At the University, the project will be led by Jens Ludwig, Professor of Social Service Administration, Law, and Public Policy, and a leading authority on crime and social policy, and Associate Professor Harold Pollack in the School of Social Service Administration, faculty chair of the Center for Health Administration Studies, and a prominent public health policy researcher.


They will lead a team of University and national scholars, who will work with the City to develop interventions to reduce youth crime within a research framework designed to provide the most scientifically rigorous evidence possible on effective solutions.


“We have two main goals for this project,” Ludwig said. “One is to help steer youth towards productive activities like schooling and work, and away from behaviors like crime and gang involvement that put youth at elevated risk for violence victimization or offending.


“Our second main goal is motivated by the fact that gun involvement makes youth violence substantially more dangerous – we want to reduce the likelihood that guns are involved in those violent events that do occur,” he said.


Daley pointed to numerous steps the city has taken to protect our children, including strengthening enforcement of the city’s curfew, installing safety cameras in public schools, adding additional police patrols near schools and creating the KidStart and After School Matters programs, which have involved hundreds of thousands of children in constructive activities.


“We can’t accept violence, even against one child.
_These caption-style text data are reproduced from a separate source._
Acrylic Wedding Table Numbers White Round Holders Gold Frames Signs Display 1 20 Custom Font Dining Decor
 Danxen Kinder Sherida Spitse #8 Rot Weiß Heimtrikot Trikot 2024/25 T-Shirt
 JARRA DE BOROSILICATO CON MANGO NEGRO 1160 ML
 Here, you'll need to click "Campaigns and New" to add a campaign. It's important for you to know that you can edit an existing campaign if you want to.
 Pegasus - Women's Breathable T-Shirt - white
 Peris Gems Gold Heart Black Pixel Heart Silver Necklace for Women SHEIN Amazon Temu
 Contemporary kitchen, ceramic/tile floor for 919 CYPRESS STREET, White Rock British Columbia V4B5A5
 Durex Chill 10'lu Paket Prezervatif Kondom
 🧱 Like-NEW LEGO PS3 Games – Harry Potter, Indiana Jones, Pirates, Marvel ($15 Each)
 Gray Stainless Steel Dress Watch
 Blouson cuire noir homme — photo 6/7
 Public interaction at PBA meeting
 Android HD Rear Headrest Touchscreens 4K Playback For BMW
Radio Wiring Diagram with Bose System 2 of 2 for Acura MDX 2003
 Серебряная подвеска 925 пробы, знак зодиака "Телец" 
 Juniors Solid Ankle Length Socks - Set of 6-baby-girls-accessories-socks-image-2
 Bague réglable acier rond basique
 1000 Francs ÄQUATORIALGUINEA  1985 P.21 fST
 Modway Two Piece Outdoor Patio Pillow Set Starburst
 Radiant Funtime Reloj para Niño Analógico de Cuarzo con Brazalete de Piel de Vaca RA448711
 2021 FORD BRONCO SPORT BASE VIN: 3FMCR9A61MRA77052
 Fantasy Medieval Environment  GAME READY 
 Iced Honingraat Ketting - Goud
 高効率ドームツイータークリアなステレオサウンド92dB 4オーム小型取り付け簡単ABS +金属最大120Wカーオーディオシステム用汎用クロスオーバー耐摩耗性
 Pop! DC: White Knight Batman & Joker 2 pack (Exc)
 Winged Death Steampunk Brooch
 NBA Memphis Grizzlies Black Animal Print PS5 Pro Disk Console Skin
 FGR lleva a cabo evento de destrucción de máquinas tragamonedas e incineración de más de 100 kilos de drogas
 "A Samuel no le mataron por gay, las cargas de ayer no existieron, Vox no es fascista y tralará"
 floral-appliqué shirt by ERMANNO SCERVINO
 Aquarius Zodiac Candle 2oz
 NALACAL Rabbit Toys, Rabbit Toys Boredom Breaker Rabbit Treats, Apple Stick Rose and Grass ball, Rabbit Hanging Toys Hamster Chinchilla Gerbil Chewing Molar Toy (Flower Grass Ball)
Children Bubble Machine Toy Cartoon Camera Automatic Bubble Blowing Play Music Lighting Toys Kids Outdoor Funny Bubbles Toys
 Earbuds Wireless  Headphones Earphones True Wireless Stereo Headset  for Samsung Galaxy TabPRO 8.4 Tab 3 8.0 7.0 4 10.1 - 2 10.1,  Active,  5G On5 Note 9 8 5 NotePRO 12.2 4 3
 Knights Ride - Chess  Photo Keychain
Keeping our children safe is Chicago’s challenge and our shared responsibility,” the Mayor said.


“I’m concerned that we live in a society that seems to downplay the importance of parental responsibility and underestimates the positive impact that a responsible adult – whether a parent, grandparent, or others – can have on the direction of a child’s life.


“This is a complex challenge. We owe it to our children to get to the bottom of why the violence happens in the first place and what more we can do to keep them safe,” he said.


The other members of the study team are:


University of Chicago scholars on the project include: Jeffrey Grogger, the Irving Harris Professor of Urban Policy at the Irving B. Harris School of Public Policy Studies; Jonathan Guryan, Associate Professor in the Graduate School of Business; Steven Levitt, the Alvin Baum Professor of Economics; John List, Professor of Economics; Thomas Miles, Assistant Professor in the Law School; Charles Payne, the Frank P. Hixon Professor in the School of Social Service Administration; and Diane Whitmore Schanzenbach, Assistant Professor in the Harris School.


Other researchers are Philip Cook, the ITT/Terry Sanford Professor of Public Policy Studies at Duke University; Jennifer Hill, Assistant Professor of International and Public Affairs at Columbia University; Brian Jacob, the Walter H. Annenberg Professor of Education Policy at the University of Michigan; Tracey Meares, Professor of Law at Yale University; and Dennis Rosenbaum, Professor of Criminal Justice and Psychology at the University of Illinois, Chicago.


Daley was also joined at the news conference.